*** MATERIAL PROVIDED Section Begins ***
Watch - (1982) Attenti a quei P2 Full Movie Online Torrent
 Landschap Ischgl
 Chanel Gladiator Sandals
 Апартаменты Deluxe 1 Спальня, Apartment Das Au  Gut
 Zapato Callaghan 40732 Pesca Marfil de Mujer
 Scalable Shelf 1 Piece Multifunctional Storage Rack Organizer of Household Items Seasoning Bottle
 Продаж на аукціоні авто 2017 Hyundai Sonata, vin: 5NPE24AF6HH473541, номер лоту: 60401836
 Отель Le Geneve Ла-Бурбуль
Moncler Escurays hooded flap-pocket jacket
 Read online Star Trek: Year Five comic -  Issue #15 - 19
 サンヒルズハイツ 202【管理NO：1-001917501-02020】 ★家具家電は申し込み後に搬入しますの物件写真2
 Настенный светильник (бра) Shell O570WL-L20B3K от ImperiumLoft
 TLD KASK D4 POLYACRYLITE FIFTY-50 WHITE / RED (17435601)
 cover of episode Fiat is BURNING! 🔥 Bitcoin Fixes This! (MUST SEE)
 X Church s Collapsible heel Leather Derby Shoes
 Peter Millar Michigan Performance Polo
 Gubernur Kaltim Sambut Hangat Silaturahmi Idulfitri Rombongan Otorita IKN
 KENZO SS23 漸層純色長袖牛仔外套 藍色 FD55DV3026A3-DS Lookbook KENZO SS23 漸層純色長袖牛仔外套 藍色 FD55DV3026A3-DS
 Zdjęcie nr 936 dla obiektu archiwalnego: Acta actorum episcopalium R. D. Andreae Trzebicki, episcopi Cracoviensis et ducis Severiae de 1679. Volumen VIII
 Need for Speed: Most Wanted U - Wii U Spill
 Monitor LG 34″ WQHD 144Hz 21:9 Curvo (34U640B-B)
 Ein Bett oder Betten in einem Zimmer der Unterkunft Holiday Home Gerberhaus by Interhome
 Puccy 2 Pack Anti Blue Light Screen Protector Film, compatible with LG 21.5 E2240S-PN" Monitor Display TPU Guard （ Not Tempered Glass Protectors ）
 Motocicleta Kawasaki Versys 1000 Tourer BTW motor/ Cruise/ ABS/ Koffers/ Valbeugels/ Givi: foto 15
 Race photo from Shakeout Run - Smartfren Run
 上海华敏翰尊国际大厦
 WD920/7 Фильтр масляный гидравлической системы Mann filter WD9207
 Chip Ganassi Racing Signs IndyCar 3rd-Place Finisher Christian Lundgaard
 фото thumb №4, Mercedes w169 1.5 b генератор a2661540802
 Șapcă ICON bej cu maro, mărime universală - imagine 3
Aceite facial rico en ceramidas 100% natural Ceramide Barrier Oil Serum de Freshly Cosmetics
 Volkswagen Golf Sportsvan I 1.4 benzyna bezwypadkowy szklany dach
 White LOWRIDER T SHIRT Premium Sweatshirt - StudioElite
*** MATERIAL PROVIDED Section Ends ***
*TASK OBJECTIVE*
Reproduce the material above exactly, beginning at its first line and ending with the line that holds "Puccy 2 Pack". Include nothing else.

*WORKED SOLUTION*
Watch - (1982) Attenti a quei P2 Full Movie Online Torrent
 Landschap Ischgl
 Chanel Gladiator Sandals
 Апартаменты Deluxe 1 Спальня, Apartment Das Au  Gut
 Zapato Callaghan 40732 Pesca Marfil de Mujer
 Scalable Shelf 1 Piece Multifunctional Storage Rack Organizer of Household Items Seasoning Bottle
 Продаж на аукціоні авто 2017 Hyundai Sonata, vin: 5NPE24AF6HH473541, номер лоту: 60401836
 Отель Le Geneve Ла-Бурбуль
Moncler Escurays hooded flap-pocket jacket
 Read online Star Trek: Year Five comic -  Issue #15 - 19
 サンヒルズハイツ 202【管理NO：1-001917501-02020】 ★家具家電は申し込み後に搬入しますの物件写真2
 Настенный светильник (бра) Shell O570WL-L20B3K от ImperiumLoft
 TLD KASK D4 POLYACRYLITE FIFTY-50 WHITE / RED (17435601)
 cover of episode Fiat is BURNING! 🔥 Bitcoin Fixes This! (MUST SEE)
 X Church s Collapsible heel Leather Derby Shoes
 Peter Millar Michigan Performance Polo
 Gubernur Kaltim Sambut Hangat Silaturahmi Idulfitri Rombongan Otorita IKN
 KENZO SS23 漸層純色長袖牛仔外套 藍色 FD55DV3026A3-DS Lookbook KENZO SS23 漸層純色長袖牛仔外套 藍色 FD55DV3026A3-DS
 Zdjęcie nr 936 dla obiektu archiwalnego: Acta actorum episcopalium R. D. Andreae Trzebicki, episcopi Cracoviensis et ducis Severiae de 1679. Volumen VIII
 Need for Speed: Most Wanted U - Wii U Spill
 Monitor LG 34″ WQHD 144Hz 21:9 Curvo (34U640B-B)
 Ein Bett oder Betten in einem Zimmer der Unterkunft Holiday Home Gerberhaus by Interhome
 Puccy 2 Pack Anti Blue Light Screen Protector Film, compatible with LG 21.5 E2240S-PN" Monitor Display TPU Guard （ Not Tempered Glass Protectors ）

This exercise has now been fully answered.